6. Welche Auswirkungen haben die Verunreinigungen langfristig für die Oberflächengewässer?

Es kann grundsätzlich festgestellt werden, dass eine Verunreinigung von Oberflächengewässern mit bergbaubedingten stofflichen Belastungen des Grundwassers aus der Kippe (vorrangig mit dem sich konservativ verhaltenden Stoff Sulfat) ausschließlich für solche Gewässer Relevanz erlangen wird, die nach dem Wiederanstieg des Grundwassers mit diesem in Kontakt stehen werden. Der Anteil am Abflussgeschehen, z.B. der Erft, wird allerdings als so gering erachtet, dass keine größeren Veränderungen in der Wasserqualität zu erwarten sind. Ein relevanter Kippenwassereinstrom in die oberirdischen Fließgewässer findet nicht auf direktem Wege statt.

Der Tagebausee Garzweiler wird nach seiner vollständigen Füllung die Quelle der Niers darstellen, so dass die Seewasserqualität zunächst die Nierswasserqualität bestimmen wird. Nach Abschluss des Füllprozesses wird der See zunehmend vom Grundwasser angeströmt und seine Zusammensetzung dementsprechend ändern.

Der Prozess, in dem geprüft wird, welche Oberflächengewässer im Rhein-Kreis Neuss nach Reduzierung bzw. Beendigung der Sümpfungsmaßnahmen und der Einstellung des Kraftwerkbetriebs zukünftig Rheinwasser zwecks Stützung des Abflusses erhalten, ist noch nicht abgeschlossen.  Aus diesem Grunde können derzeit keine belastbaren Aussagen über Auswirkungen von Rheinwasser auf die Oberflächengewässer im Kreisgebiet getroffen werden.

Schlussbemerkung:
Der dargelegte, aktuelle Kenntnisstand ist aus heutiger Sicht etwa 7 Jahre vor Fertigstellung der Rheinwasserleitung und circa 12 Jahre vor Beginn der Seebefüllung des Tagebaus Garzweiler verfasst worden.
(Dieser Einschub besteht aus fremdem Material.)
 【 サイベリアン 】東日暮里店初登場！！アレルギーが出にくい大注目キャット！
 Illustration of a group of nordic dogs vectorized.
Es ist somit zu vermuten, dass sich sowohl die Wasserqualität des Rheins als auch die Bewertungsgrundlagen in den nächsten Jahren ändern können. Perspektivisch neu vorliegende Bewertungsgrundlagen sollen stets berücksichtigt werden. Eine Konkretisierung mit einer vollständigen Detailprüfung wird Gegenstand der Einleiterlaubnis und der zugehörigen Genehmigungsverfahren sein (vgl. Zusammenfassung Rheinwassergütebericht für die Wasserverwendung im Rheinischen Revier v. 08.11.2022). Hierfür werden im Vorfeld die Grundlagen innerhalb der Arbeitsgruppen des Garzweiler II Monitorings erarbeitet.